A day after two of his closest associates faced legal reckoning, the embattled president asserted on a Fox News morning program, “If I ever got impeached, I think the market would crash," and, “I think everybody would be very poor.”

In reality, investment pros say, Americans shouldn’t worry about the health of their 401(k)s.

“What he’s saying is nonsense in the context of how investment professionals look at this,” Doug Boneparth, president of Bone Fide Wealth, told NBC News. “Markets aren’t sentimental.”

There are a couple of historical precedents: Watergate, and the impeachment of Bill Clinton by the House of Representatives in 1998. Of the two, the market suffered a greater hit when Richard Nixon resigned in the face of impeachment, with the S&P 500 losing nearly half of its value between the beginning of 1973 and the third quarter of 1974 (Nixon resigned on August 9 of that year).

But economists say it’s all but assured that a Trump impeachment wouldn’t trigger a slide of that magnitude: Watergate unfolded as the American economy was facing an oil crisis, rampant “stagflation,” and a recession — a near-complete opposite of today’s economic picture.

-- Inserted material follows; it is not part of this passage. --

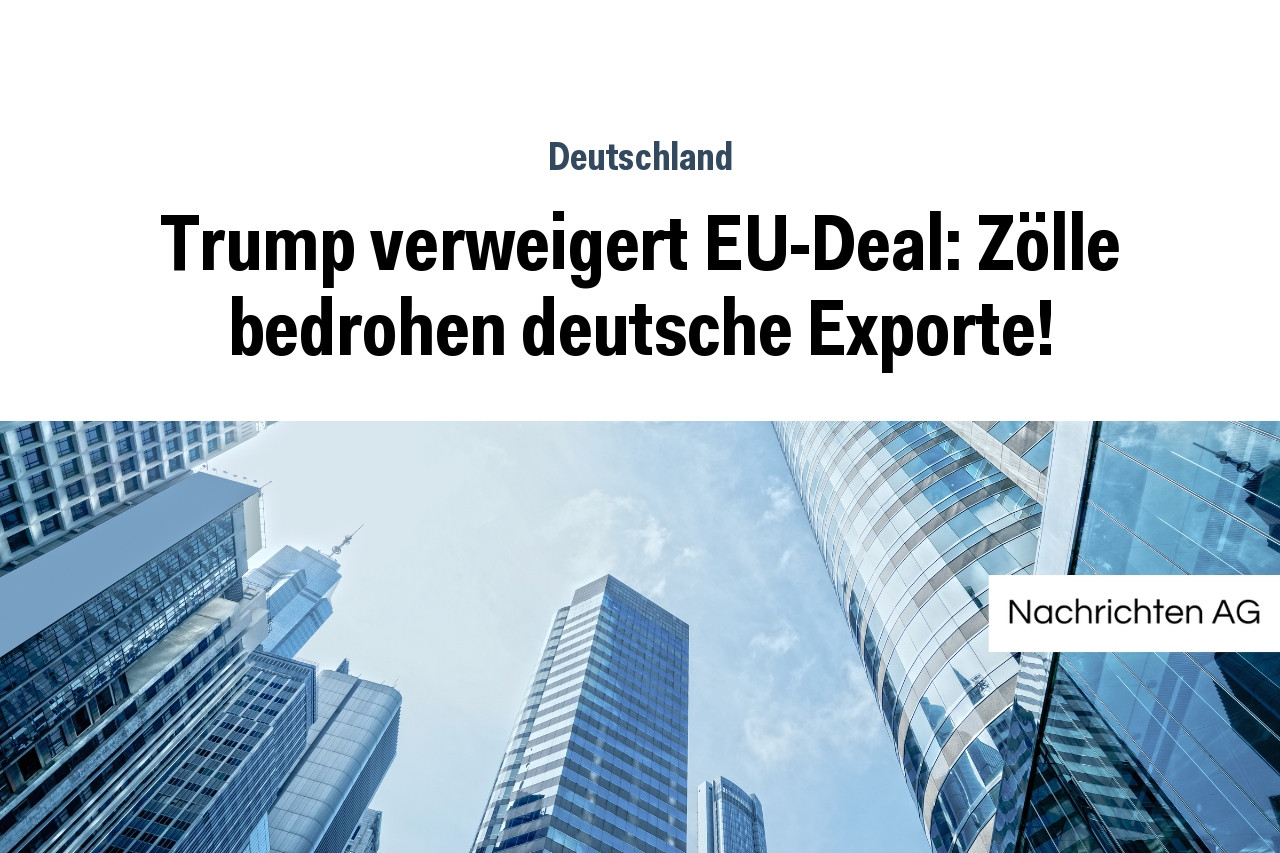 Trump verweigert EU-Deal: Zölle bedrohen deutsche Exporte!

Although he was ultimately acquitted by the Senate, Bill Clinton’s House impeachment provides a closer example; the late-90s economy was booming, and the market proved much more resilient to D.C.’s drama. While the S&P 500 dropped close to 20 percent in advance of prosecutor Kenneth Starr’s report, it regained all of that ground and then some by the time Clinton was ultimately cleared by the Senate in early 1999.

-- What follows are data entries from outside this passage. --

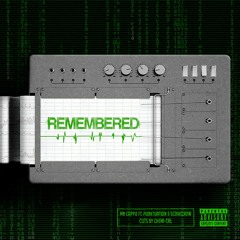 Remembered ft. Punktuation & Scarecrow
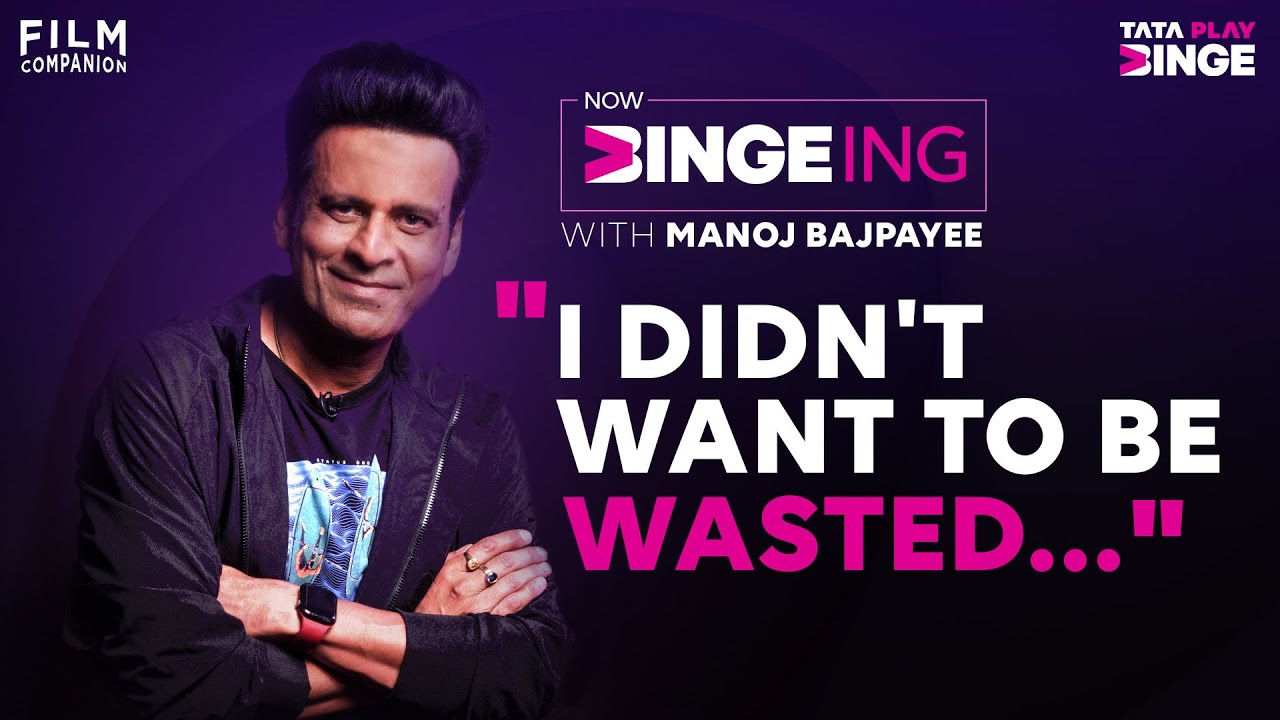 Now Bingeing with Manoj Bajpayee | Anupama Chopra | Film Companion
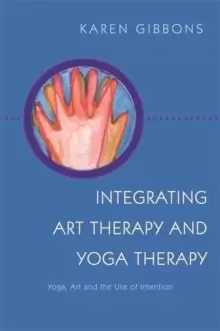 Image of Integrating Art Therapy and Yoga Therapy : Yoga, Art, and the Use of Intention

“This time around, while the current crisis may trigger a modest decline, we do not think it will lead to recession and therefore will not result in a new bear market,” said Sam Stovall, chief investment strategist for CFRA.

The riskiest scenario would be if retail investors panicked. “For the most part, it would be a short-term response based on fear and uncertainty,” said Robert Schmansky, president of Clear Financial Advisors. “It can become a self-fulfilling prophecy if everyone’s running of the door at once.”

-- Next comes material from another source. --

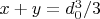 $x + y = d_0^3/3$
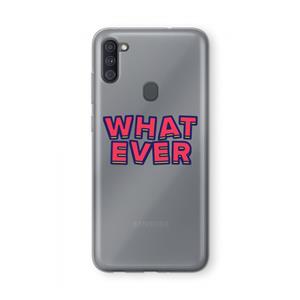 CaseCompany Whatever: Samsung Galaxy A11 Transparant Hoesje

Schmansky said a Trump impeachment could send the market down in the near term by anywhere between 10 and 30 percent, but he added that since even professionals have a mixed record of success when it comes to timing the market, ordinary investors shouldn’t bet their retirement savings on emotions or gut feelings.

“Crashes are temporary, and so the best plan isn't to follow the herd as they flee,” he said. Instead of fearing the potential of a correction, Schmansky suggested reframing it as the potential to better position your retirement savings for the next cyclical upswing. “Being a long-term investor, these have often been great opportunities to get into the market,” he said.

Ultimately, some think impeachment could be a boon for the market after the dust settles. A frequent theme of economists’ observations since Trump’s election has been the market volatility stoked by trade tensions and diplomatic disputes, even as hallmarks of the GOP’s agenda — lower taxes and less regulation — have fueled a run-up in equities.

“If he were to be removed from office, there’s no reason to believe that [Vice President Mike] Pence would change any of those policies,” Joseph Heider, president of Cirrus Wealth Management, told NBC News. “I think there’s a very strong argument that could be made that the markets would be more stable under Pence than they would be under Trump,” he said.

“If the economy as a whole remains strong, if earnings remain strong, if companies continue to make money — which they are — it further plays into the fact that the market doesn’t care about the sentiment of the president being impeached,” Boneparth said.